The Fear of Accountability and Discomfort
Here's the harsh truth: direct communication is often met with discomfort. Many people are not just uncomfortable with difficult conversations; they're uncomfortable with being held accountable. It's easier for them to believe that the world is peaceful and conflict-free than to face the reality of a misunderstanding or a mistake. When you express your feelings directly and politely, their reaction may be one of surprise, defensiveness, or even withdrawal.
This is not a reflection of your failure to communicate well. It's a reflection of a societal norm that has prioritized avoiding discomfort over fostering genuine connection. We have been conditioned to believe that a smooth social surface is more important than the honest, sometimes messy, reality beneath it.
Your Honesty is a Gift
Your choice to be direct and honest with your feelings is not a flaw; it's a gift. It's a gift to yourself because you're no longer carrying the heavy burden of unexpressed anger and resentment.

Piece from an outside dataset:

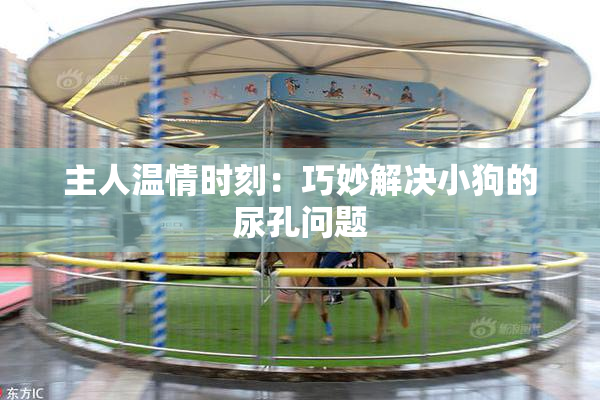 主人温情时刻：巧妙解决小狗的尿孔问题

It's also a gift to those around you because you are offering them the opportunity to grow, learn, and strengthen their relationships with you.
It's time to normalize being upset. It's time to normalize difficult conversations. And it's time to stop apologizing for having the courage to be honest. The next time you find yourself in a situation where you're upset, remember that your feelings are valid. You don't have to choose between being polite and being honest. The most polite and considerate thing you can do for a relationship is to give it the chance to heal.
So, continue to speak your truth, even when it's met with discomfort. Because in the long run, true peace isn't found in the absence of conflict; it's found in the courage to face it directly and work toward a deeper, more genuine understanding.